Adiante. Pelo caminho, Brazão passa
pelo local onde mataram e expuseram o cadáver de Mussolini e sua companheira, a
Petacci. Sente-se horrorizado («ali estiveram ignobilmente expostos para que a
multidão os contemplasse na miséria humana»). Atravessa a Suíça no caótico
pós-guerra, país que o surpreende pela relojoeira organização: «os comboios
chegam à hora marcada e os porteurs
nas gares não nos insultam (…), não se vendo qualquer indício de pobreza nem de
desespero. Maravilhosa Suíça, ajuizado país!». Só lamenta os preços: «o custo
de vida é no entanto altíssimo». Passando por França, insurge-se contra os jornais
que condenavam a comutação de pena de morte aplicada ao marechal Pétain («por
aqui está tudo bolchevizado, amoralizado»). Depois, Espanha, onde Brazão
enaltece Franco, defendendo-o dos seus inúmeros inimigos. «Por toda a parte
atira-se a Franco como um cão raivoso», diz; e, no entanto, em Espanha via-se
«tudo tão em ordem, cores tão garridas, mulheres tão vistosas… e bom pão, vinho
forte, comida farta no pequeno restaurante da Alfândega!». «Tudo isto que foi
conseguido com inteligência e prudência não será destruído dentro de pouco
tempo?», interroga-se o diplomata luso.
Chegado a Lisboa, avista-se com
Salazar, a quem conta os horrores da Europa devastada. Respondeu o chefe do
governo: «todos os que vêm do estrangeiro trazem as mesmas impressões sobre as
terríveis consequências desta guerra que terminou. Era preciso que aqui se
soubesse melhor». Em face disto, Brazão apresenta uma proposta ingénua: «Porque
não manda V. Exª, pagos pelo Estado, grupos de recalcitrantes a ver o estado
dos países que não souberam libertar-se da guerra?». Salazar riu-se ante a
candura do seu diplomata.
Brazão
encontrar-se-á pouco depois com D. Duarte Nuno, numa conversa em que este lhe
diz apoiar «incondicionalmente Salazar» e não ambicionar o poder em Portugal. Salazar,
em contrapartida. Lamentava o escasso apoio dos monárquicos ao Estado Novo…

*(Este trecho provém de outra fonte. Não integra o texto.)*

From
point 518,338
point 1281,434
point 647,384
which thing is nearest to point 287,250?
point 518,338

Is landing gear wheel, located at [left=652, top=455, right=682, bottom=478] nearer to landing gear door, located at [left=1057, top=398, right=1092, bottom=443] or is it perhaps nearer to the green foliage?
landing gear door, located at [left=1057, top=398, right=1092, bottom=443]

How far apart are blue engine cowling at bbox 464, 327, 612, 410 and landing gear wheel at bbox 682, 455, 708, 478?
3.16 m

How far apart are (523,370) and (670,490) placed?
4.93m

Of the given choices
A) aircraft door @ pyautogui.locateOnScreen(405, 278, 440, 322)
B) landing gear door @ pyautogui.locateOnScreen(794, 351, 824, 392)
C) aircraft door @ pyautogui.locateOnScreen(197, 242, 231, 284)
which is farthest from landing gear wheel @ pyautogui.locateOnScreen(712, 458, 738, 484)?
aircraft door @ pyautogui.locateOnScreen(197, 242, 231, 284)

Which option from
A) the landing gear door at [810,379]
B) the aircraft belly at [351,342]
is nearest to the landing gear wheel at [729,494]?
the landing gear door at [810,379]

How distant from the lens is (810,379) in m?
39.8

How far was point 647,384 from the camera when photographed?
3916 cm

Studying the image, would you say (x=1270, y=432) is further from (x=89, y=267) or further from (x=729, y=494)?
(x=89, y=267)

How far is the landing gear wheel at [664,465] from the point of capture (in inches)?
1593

Num breve interregno da sua carreira
diplomática, Brazão trabalhará no Secretariado Nacional de Informação (SNI),
experiência que detestou, pelo ambiente de intriga aí vivido. O diplomata não
era «dos deles», pertencia a outra casta, do mesmo modo que, assevera Brazão,
António Ferro nunca foi amado nas Necessidades nem foi feliz como diplomata em
Berna e em Roma. Na capital italiana, organizou um dia um desfile de trajes
tradicionais portugueses, em que cada qual ia identificado pela sua região de
origem: algarvio, transmontano, minhoto e por aí fora. Acontece que «minhota»
era a expressão em italiano para mulheres
da vida, facto que motivou uma senhora, algo desinformada, a exclamar:
«Então em Portugal as prostitutas são obrigadas a vestir um uniforme?»

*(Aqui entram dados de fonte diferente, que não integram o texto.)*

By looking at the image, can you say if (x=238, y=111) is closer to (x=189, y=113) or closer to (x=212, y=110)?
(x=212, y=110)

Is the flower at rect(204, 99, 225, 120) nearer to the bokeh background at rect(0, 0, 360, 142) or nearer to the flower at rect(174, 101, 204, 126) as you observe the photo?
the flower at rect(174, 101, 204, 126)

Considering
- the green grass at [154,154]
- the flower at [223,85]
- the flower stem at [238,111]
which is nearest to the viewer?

O livro está repleto de histórias como
esta, bem como de observações sobre personalidades com quem Brazão se
encontrava, como Jacques Maritain (na altura, embaixador de França em Itália e
feroz anticomunista), Giulio Andreotti, que Brazão classifica como «um dos
políticos mais honestos e sãos da Democracia Cristã» (!), o general De Gaulle,
o príncipe Rainier e Grace do Mónaco («ainda mais actriz de cinema que Princesa
– há situações que não se aprendem ao espelho», diz, com um laivo de snobismo,
o filho do actor de teatro Eduardo Brazão…). Bizarra, no mínimo, era a
inclinação de Sukarno, da Indonésia, por meninas jovens. Conta Brazão que, ao
chegar a Portugal, Sukarno terá pedido ao Protocolo «que lhe enviasse meninas, muitas meninas impúberes pois na sua vasta colecção não conhecia mulheres
portuguesas!». Ao saber do facto, Salazar ficou incrédulo. Só faltava
acrescentar que, segundo Brazão, quando passara em Itália o presidente Sukarno
pretendeu, a todo o custo, conhecer intimamente Gina Lollobrigida…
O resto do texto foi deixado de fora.